## [Exercise]
Only the lines from the beginning of the entries through the one with "Peppa Pig: Daddy Pig’s Favourite Things" should be written out, please, exactly and without any pictures.

═══ Records to use

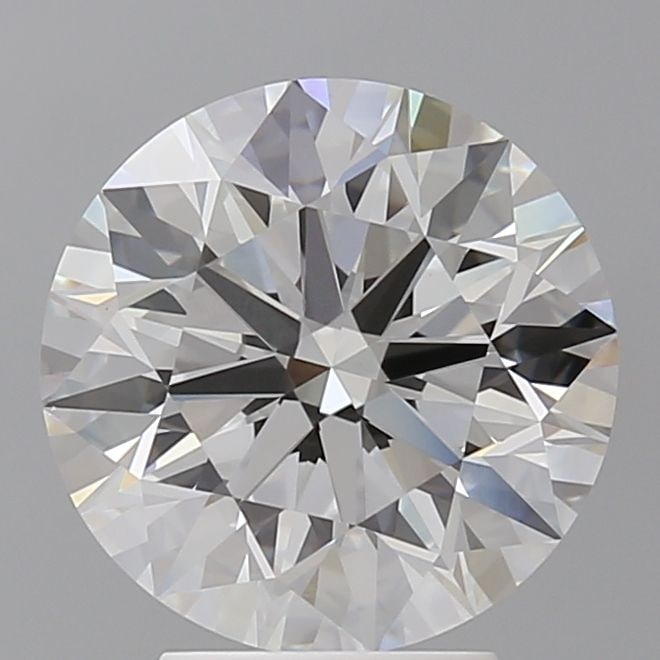 IGI Round 4.08ct F VVS2 - Ideal Loose Lab Diamond: IGI Round 4.08ct F VVS2 - Ideal Loose Lab Diamond Item Specifics: Source: This Is A Real Diamond Grown In A Lab Not Mined. Carat: 4.08 Cut: ID Color: F Clarity: VVS2 Polish: EX Symmetry: EX Measuremen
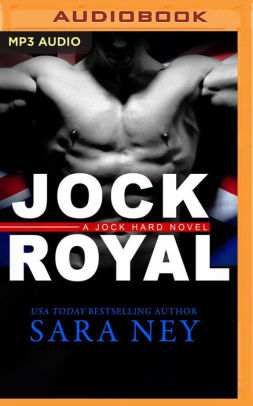 Jock Royal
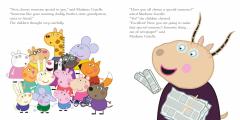 Peppa Pig: Daddy Pig’s Favourite Things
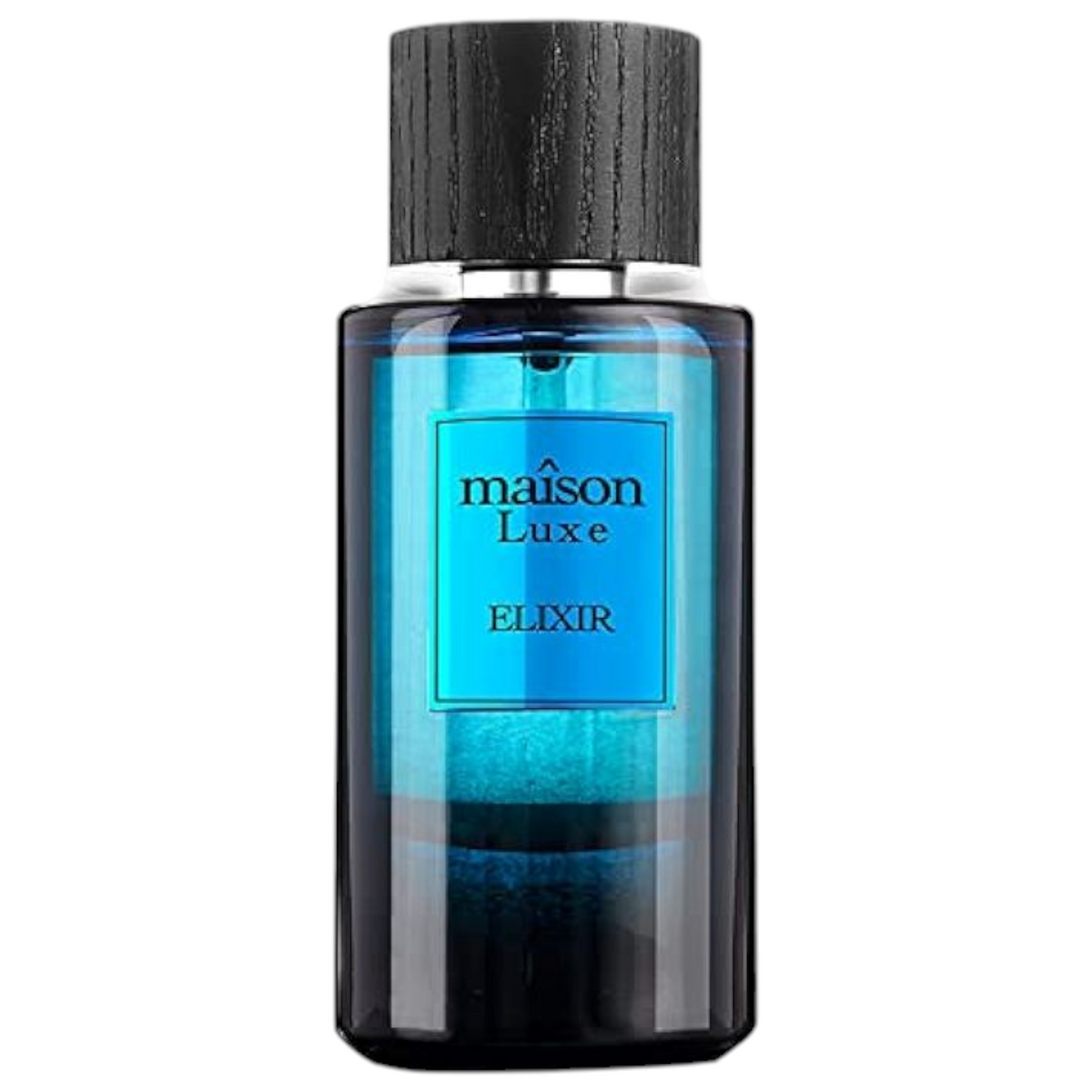 Elixir Maison Luxe EDP 110ml von Hamidi
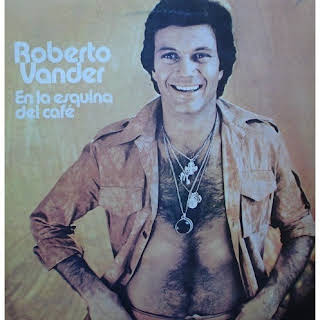 Roberto Vander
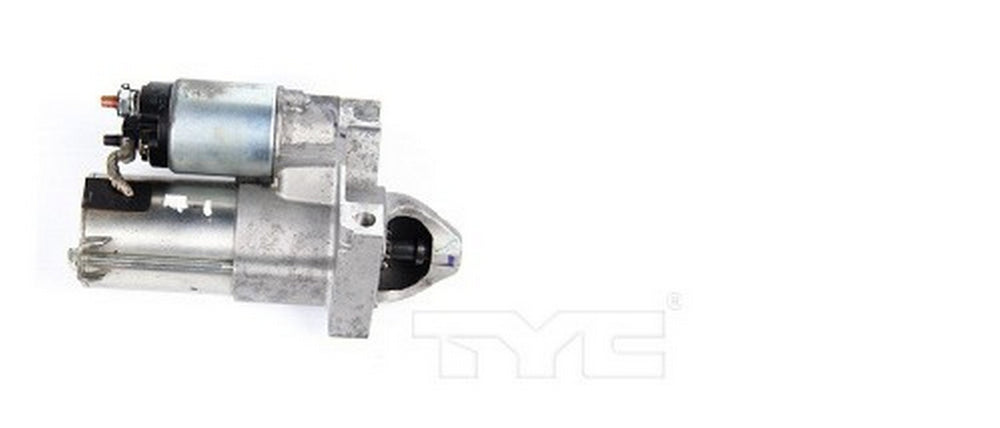 STARTER MOTOR CHEVROLET EQUINOX 3.4L V6 0709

══════

## [Solved problem]
 IGI Round 4.08ct F VVS2 - Ideal Loose Lab Diamond: IGI Round 4.08ct F VVS2 - Ideal Loose Lab Diamond Item Specifics: Source: This Is A Real Diamond Grown In A Lab Not Mined. Carat: 4.08 Cut: ID Color: F Clarity: VVS2 Polish: EX Symmetry: EX Measuremen
 Jock Royal
 Peppa Pig: Daddy Pig’s Favourite Things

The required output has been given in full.